Entering a contest and I need your help

Couldn’t have been a more blatant plug, no? I need a hand. Or hands. Or clicks.

Submitted a poem to the Tata LitLive MyStory Contest. Here’s the entry:http://wshe.es/TrfxIv2i
Do click on the link above and vote if you think the poem is good enough; Of course it’s damn good 😉

The line breaks seem to have been lost with the submission. Here’s the original entry:

Being blind is not always as bad as it sounds

I must have been ten or eleven then,
I remember some mornings being coloured
by blood stains outside my home,
Thick red spots lining those narrow streets that developed organically between matchbox sized homes,
those streets crisscrossing around and between houses,
Streets where goons may have passed in the uniformly black chaos of the night,
fleeing from rivals or chasing them,
we never knew which was true.
After all, voices shrieking,
footsteps stumbling, stuttering in the middle of last night could only tell so much
and there was only so much sound
the blood dripping from their sweaty terror struck bodies
could have made.
Now that I think back of it,
Being blind is not always as bad as it sounds.

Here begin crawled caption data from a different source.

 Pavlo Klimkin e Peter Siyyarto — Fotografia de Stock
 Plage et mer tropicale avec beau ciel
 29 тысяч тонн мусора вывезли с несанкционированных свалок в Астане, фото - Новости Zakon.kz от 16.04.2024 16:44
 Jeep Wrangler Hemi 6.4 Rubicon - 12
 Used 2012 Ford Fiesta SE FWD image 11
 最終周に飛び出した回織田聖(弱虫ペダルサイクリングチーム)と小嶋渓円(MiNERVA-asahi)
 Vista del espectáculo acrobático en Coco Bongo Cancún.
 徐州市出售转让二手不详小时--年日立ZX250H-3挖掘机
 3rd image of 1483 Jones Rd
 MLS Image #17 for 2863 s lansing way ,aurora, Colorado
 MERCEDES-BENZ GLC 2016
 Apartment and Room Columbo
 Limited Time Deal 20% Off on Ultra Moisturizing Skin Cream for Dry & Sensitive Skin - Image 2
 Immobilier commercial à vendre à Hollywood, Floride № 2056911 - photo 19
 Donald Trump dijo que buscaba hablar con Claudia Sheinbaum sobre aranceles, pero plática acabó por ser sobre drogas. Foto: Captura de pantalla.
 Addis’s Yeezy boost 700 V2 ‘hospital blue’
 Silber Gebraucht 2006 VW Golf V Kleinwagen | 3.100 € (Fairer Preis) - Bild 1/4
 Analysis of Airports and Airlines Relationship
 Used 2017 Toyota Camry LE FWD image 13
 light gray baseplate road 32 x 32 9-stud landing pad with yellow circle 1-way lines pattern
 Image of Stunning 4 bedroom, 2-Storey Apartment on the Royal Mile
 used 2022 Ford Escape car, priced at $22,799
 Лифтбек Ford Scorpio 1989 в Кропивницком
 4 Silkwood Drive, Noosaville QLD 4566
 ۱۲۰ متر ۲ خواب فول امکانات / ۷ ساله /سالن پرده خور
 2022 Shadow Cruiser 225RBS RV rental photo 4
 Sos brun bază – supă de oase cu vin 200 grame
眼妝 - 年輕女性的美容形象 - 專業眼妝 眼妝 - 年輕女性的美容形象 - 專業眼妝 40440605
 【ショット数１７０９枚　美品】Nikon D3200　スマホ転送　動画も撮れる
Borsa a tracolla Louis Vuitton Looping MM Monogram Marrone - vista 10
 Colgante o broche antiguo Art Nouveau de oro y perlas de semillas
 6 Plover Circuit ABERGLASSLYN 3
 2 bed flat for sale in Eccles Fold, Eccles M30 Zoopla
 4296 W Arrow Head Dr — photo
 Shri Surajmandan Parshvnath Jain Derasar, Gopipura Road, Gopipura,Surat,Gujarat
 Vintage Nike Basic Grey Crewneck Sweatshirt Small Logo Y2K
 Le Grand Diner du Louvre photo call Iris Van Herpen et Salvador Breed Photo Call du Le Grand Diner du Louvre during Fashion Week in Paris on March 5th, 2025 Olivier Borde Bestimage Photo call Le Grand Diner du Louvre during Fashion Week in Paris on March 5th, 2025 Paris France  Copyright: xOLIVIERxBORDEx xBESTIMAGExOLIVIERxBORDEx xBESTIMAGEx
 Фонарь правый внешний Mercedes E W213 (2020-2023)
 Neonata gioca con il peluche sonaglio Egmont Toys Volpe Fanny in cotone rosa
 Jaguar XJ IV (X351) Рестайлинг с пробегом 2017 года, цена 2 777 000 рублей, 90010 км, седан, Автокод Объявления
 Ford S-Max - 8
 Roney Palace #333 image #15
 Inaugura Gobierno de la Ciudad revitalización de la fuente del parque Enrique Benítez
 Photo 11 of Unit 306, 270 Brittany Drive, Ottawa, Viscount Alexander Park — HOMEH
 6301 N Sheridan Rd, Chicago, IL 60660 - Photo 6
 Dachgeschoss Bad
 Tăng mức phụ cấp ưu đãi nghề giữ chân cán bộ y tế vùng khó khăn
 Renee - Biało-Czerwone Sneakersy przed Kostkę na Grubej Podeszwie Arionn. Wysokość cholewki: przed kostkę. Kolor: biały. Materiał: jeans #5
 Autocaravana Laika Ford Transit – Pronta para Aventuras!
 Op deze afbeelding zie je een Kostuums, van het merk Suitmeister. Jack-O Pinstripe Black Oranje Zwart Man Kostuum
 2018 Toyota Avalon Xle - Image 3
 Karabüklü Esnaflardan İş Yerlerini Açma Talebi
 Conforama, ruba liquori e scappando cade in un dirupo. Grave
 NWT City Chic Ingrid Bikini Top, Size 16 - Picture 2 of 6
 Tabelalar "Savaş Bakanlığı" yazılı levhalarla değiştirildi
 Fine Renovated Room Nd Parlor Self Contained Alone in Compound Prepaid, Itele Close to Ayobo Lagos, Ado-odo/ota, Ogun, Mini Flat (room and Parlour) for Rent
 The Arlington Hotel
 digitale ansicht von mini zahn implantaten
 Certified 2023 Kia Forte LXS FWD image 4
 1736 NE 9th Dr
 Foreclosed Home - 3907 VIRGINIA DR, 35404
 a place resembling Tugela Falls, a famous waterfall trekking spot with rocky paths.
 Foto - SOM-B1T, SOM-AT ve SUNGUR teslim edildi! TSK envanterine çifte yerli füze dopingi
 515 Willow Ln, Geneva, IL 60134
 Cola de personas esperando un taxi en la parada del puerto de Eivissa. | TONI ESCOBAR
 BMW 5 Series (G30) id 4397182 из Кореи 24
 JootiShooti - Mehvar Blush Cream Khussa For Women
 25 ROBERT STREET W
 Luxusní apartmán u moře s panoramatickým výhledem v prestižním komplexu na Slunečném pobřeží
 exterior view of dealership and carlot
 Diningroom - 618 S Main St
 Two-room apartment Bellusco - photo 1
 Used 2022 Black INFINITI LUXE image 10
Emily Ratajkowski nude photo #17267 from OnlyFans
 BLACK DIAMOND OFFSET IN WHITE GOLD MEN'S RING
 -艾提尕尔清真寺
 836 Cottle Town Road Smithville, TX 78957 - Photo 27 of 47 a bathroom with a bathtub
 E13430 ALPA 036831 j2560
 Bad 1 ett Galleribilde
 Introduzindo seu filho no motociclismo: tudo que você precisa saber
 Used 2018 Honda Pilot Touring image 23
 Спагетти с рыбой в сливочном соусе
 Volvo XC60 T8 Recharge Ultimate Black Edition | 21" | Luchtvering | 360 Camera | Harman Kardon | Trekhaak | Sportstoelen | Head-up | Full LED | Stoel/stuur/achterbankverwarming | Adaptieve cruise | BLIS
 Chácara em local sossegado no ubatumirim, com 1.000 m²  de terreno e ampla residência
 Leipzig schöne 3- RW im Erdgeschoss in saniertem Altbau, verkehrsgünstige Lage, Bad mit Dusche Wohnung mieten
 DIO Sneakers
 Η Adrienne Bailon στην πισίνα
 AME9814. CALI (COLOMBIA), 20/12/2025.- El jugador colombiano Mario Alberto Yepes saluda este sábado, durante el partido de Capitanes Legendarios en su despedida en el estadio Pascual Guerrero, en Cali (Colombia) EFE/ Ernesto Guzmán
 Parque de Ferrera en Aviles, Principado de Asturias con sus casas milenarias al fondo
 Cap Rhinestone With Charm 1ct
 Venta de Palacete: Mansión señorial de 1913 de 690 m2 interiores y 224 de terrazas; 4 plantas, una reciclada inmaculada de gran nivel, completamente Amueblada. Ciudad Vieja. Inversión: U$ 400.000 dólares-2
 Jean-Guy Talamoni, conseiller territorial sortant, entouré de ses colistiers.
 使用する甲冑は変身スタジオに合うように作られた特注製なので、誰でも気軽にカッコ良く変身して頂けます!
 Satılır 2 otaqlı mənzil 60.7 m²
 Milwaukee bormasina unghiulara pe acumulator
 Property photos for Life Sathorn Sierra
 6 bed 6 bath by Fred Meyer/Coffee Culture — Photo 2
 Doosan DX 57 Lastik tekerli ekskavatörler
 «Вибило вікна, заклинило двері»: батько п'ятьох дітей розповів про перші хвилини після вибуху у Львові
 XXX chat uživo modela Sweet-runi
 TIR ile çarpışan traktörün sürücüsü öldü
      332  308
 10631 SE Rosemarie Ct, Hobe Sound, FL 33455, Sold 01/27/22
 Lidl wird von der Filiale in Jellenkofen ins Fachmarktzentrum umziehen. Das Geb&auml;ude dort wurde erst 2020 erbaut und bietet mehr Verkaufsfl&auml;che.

Those mornings when we walked to school,
We’d tiptoe around red trails,
trails that could be mistaken for paan except that these ran longer
and took more time to get washed away.
It took even more time to wipe off the memories.
No one talked about the blood we had seen,
as if it would stop existing if we did not mention it.
At school, we learnt of Edison and Shivaji and Gavaskar,
resolving to rise out of the morass that stood beyond the school walls.
There was also a bit about Houdini, the escape artiste,
and years later I wondered if I had understood the subtext of that chapter.

Then one day, while I rushed to fill in exam sheets,
racing to beat the clock,
cops gathered outside on the field that was used for football, sometimes.
There, the men in khaki stood around what looked, from the classroom window,
like a river, of guess what the same colour – red,
flowing out of a man.
I was to learn later,
the river had sucked the life out of him.
Some claimed to have seen the dying man stretch his hand to grasp the last shreds of his receding breath.
Some had frozen, paralyzed by the sight of grass getting smeared with the colour of violence.
Again, no one talked about it,
their silence almost willing the bloodshed to never have happened.

But still some stories, some sights stuck in our heads even though we tried bloody hard to ignore them.
The cops, we were told, had snipped the Achilles tendons of a thug they wanted to keep in check.
A severed tendon could let you walk, but not run; how much fear could a limping mobster instill in anyone?
In the summer, when the school ground would swarm with cricket teams,
and it became hard to distinguish one stop-gap pitch from the other,
on field spats could escalate
beyond verbal shouting matches,
and sometimes, stumps would become substitute weapons,
testosterone pushing boys over the edge
where they thought they became men.

I wonder what happened to these guys
who saw everything
and soaked all of it like a sponge,
giving in to its colours,
letting them seep through their pores and into their heads,
drifting with the stream unaware of where it would take them.
I wonder where they are now.

And there were those of us who learnt to look through it all and still not see a thing.
I guess we did fine.

Now that I think of it,
Being blind is not always as bad as it sounds.
I don’t know how I would have turned out otherwise.